Permanent tsb (PTSB) has raised 400 million euros ($436 million) in a share offer priced at the top of the range, prompting Ireland's finance minister to promise taxpayers a recovery of all the rescue funds invested in the bank. The smallest of Ireland's three remaining domestically owned banks had set a range of 3.90 to 4.50 euros per ordinary share for the issue, a test of investor appetite for the sector and for the country's No 2 lender Allied Irish Banks (AIB) ahead of a possible stake sale in the next 12 months.

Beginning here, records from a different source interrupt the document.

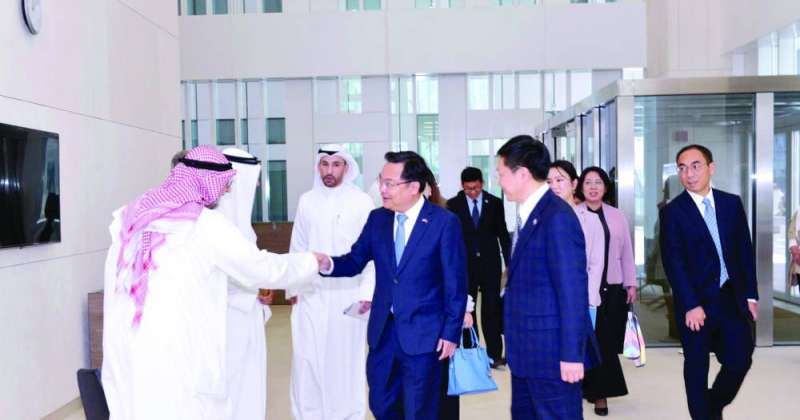 السفير جيانوي يتقدّم الوفد الصيني في زيارته لجامعة الكويت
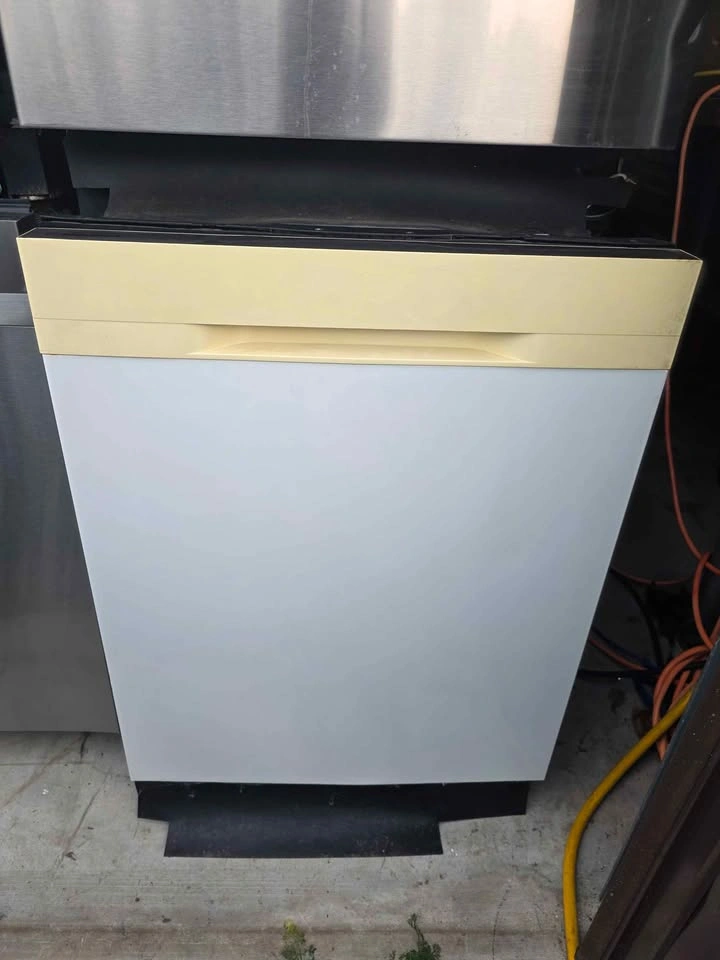 Samsung 24" Stainless Steel Dishwasher For Sale - photo 2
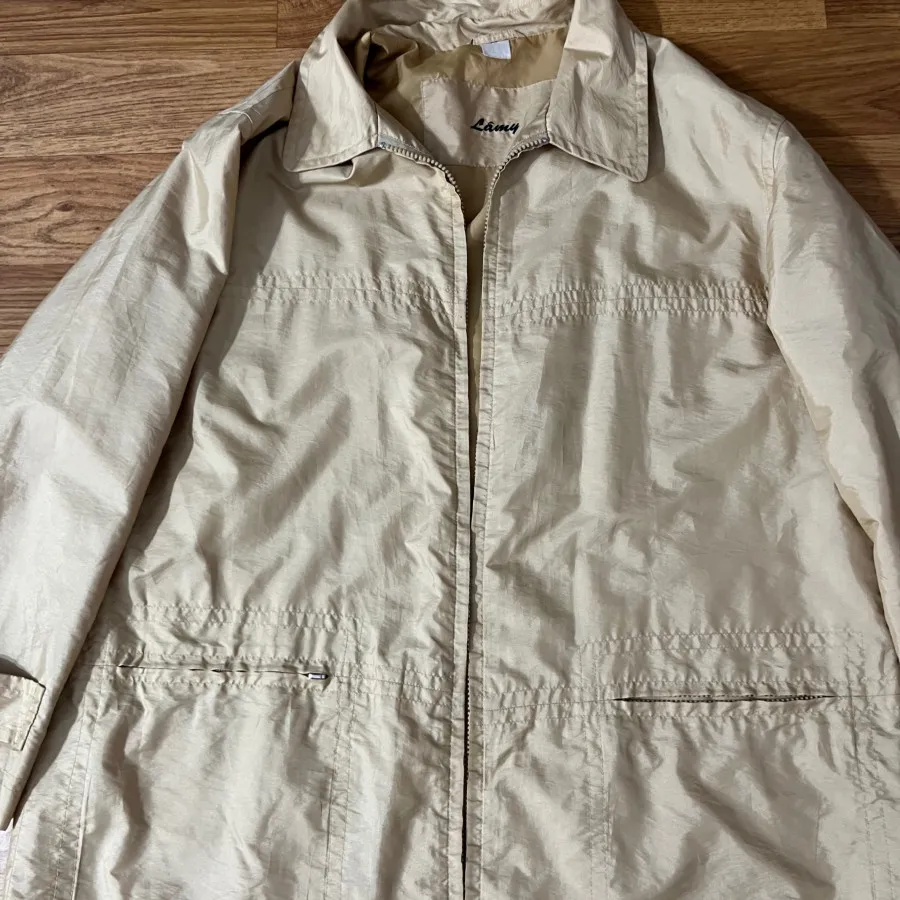 بارونی طلایی کرم تخفیفدار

The government, keen to recoup some of its investment in PTSB ahead of an election next year, sold an additional 98 million euros worth of shares to cut its stake to 75 percent from 99.2 percent to meet stock market requirements. PTSB will use the cash to repurchase 400 million euros of government-owned "contingent capital notes", debt instruments that can convert to equity in times of distress, meaning Dublin, which made a profit on the notes, will have recouped over 500 million euros of the 2.7 billion pumped into the bank.
With its stake now valued at 1.5 billion euros, Finance Minister Michael Noonan said the state would get all its cash back despite PTSB management consistently saying such an outcome was unlikely, stated as recently as March by its chief executive.

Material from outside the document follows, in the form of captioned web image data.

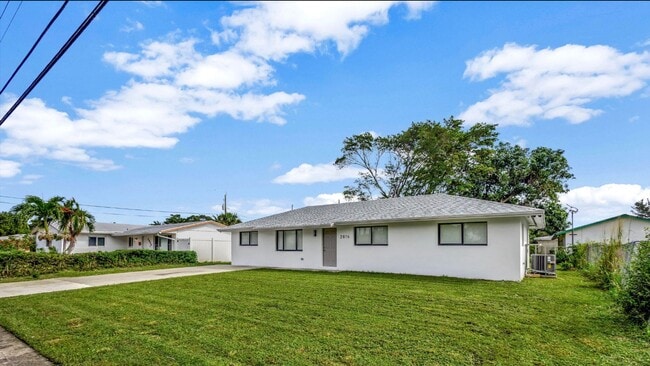 Building Photo - Gorgeous Brand-New Rebuilt 4-Bedroom Home | No HOA | Pet Friendly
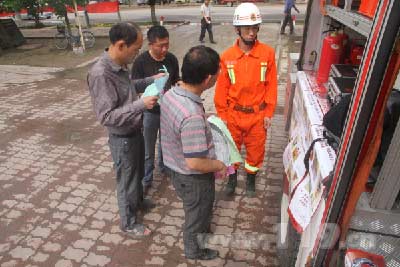 消防官兵向過往群眾講解消防知識(shí)
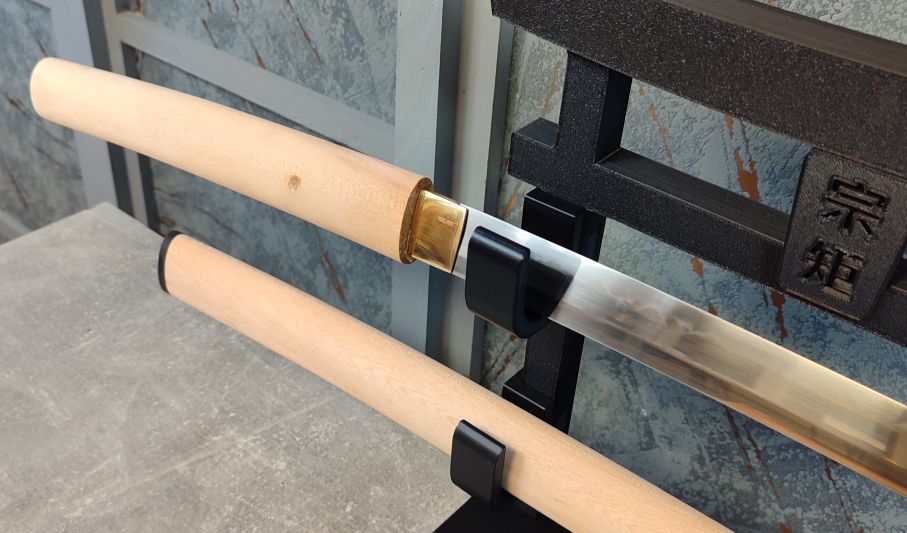 Munenori Shirasaya Katana T10 steel notare hamon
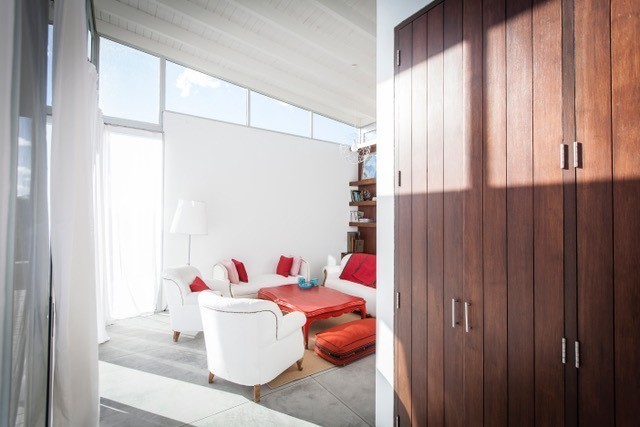 Moderna casa con pileta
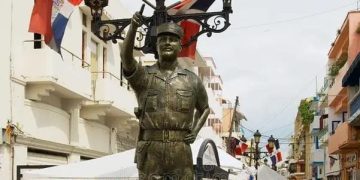 Coordinadora Popular Llama a la población del Gran Santo Domingo a bajar para la estatua del coronel Caamaño en el Parque Independencia este miércoles 10 de diciembre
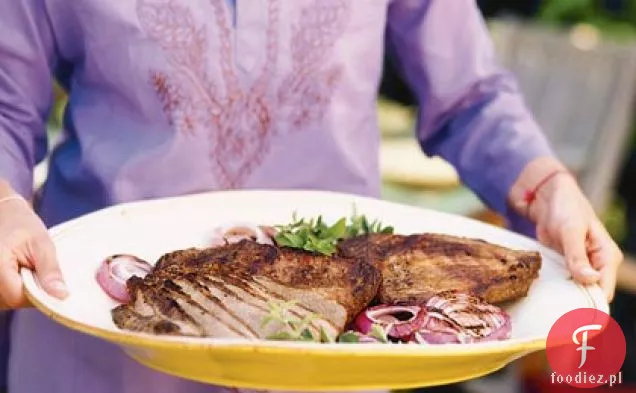 Grillowany solony mostek wołowy lub stek z flanki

"The bottom line is that everything that the taxpayers have invested in PTSB will be recovered in due course," Noonan told national broadcaster RTE, while also acknowledging that "much work" remains to be done to complete its restructuring. The small mortgage lender is the only loss-making bank in the country amid a recovery in the sector that has mirrored a wider upturn that helped Ireland become the fastest-growing economy in Europe last year.
PTSB cut its loss before tax last year to 48 million euros from 668 million in 2013. Weighed down by a large stock of loss-making mortgages that track the ECB's record low interest rates, it only expects to return to profit by the end of 2016. The bank is targeting an almost doubling of its net interest margin (NIM), a key measure of profitability, to 1.7 percent by 2018. By comparison, Bank of Ireland, the country's largest bank by assets, recorded a NIM of 2.11 percent at the end of 2014.
Like other lenders, it is also under public and political pressure to cut mortgages rates, another potential headwind, as the government threatens to hike its annual bank levy if they do not ease the burden on customers. The only Irish bank to fail European stress tests raised the remaining 125 million euros needed to fill the capital hole identified via so-called additional Tier 1 bonds which it sold at a hefty 8.625 percent yield.
The government, whose rescue of its banking sector was the most expensive in the euro zone, will now switch its attention to the 99-percent state-owned AIB, having appointed Goldman Sachs to advise on a possible stake sale. "The state really should look at capitalising on the level of institutional investor demand sooner rather than later," said Investec analyst John Cronin.